You Can Buy a House for 1€ In Sicily, But Of Course There’s a Catch

Prepare for a lifetime of mozzarella-making and afternoon spritzes, because your chance to live out your days in a Call Me By Your Name-style summer haze is here with a small catch.  

Mussomeli, a picturesque town in southern Sicily, is selling homes for less than the price of your morning espresso at just €1 $1.63 at the current conversion rate. The houses available to be purchased are in a state of decay and dilapidation; all are abandoned and need some serious work to bring them into a state of liveability, but unlike renovating in Australia, the costs to do so are somewhat more achievable. 

According to Case 1 Euro, the official site from the Municipality of Mussomeli that facilitates all transactions on one euro homes, renovations can cost between €100 to €700 euros per square metre. So, on a 70sqm home, which appears to be the average size available, you could expect to fork out between €7,000 and €49,000 for the renovation. You can utilise the services of local architects and tradespeople, or go it alone with a bunch of friends. The choice is yours.

There are some other fees and fine print involved, too. First up, a refundable security deposit of €5,000 is required. A plan for the project must be submitted within a year of purchase and commenced no later than two months after the issue of a building permit, and three years on, the renovations and restoration must be completed. Yearly taxes on the property will range from €2,500 to €4,000, but hey, it sounds like a pretty affordable (and fun) project, and the end result is an epic summer home for you to enjoy with your pals. 

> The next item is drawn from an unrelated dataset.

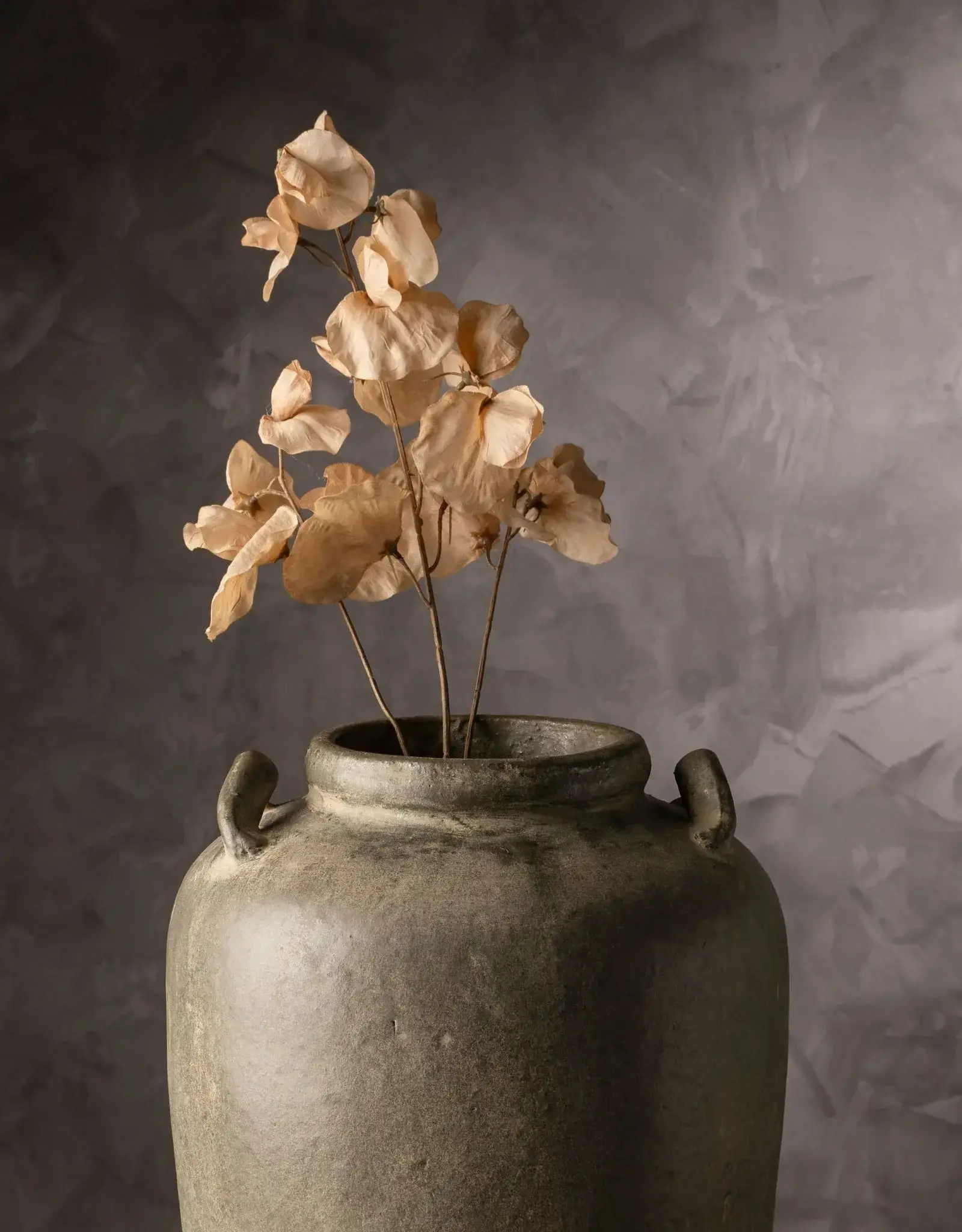 Sweet Pea Floral Stem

Cefalu is a short drive from Mussomeli.

The one-euro initiative from the Municipality of Mussomeli is part of a plan to boost tourism and flock new residents to the town, which at this stage is predominantly made up of an ageing community. The youth population long moved out to seek opportunities in bigger cities, leaving many of the homes abandoned due to the passing of the elderly population. 

So far, the initiative is working; over 100 people from around the world have purchased a home in the town and have commenced renovations. 

Located in the Sicilian hinterland, Mussomeli has a population of 11,000. While it appears quaint, there is plenty around to keep those visiting entertained. On Tuesday mornings, a street market with a selection of handmade garments and fresh produce brings the town together, and when wandering the cobbled streets and Manfredi’s Castle becomes tired, the town is a short 40-minute drive away from the beaches and temples of Agrigento.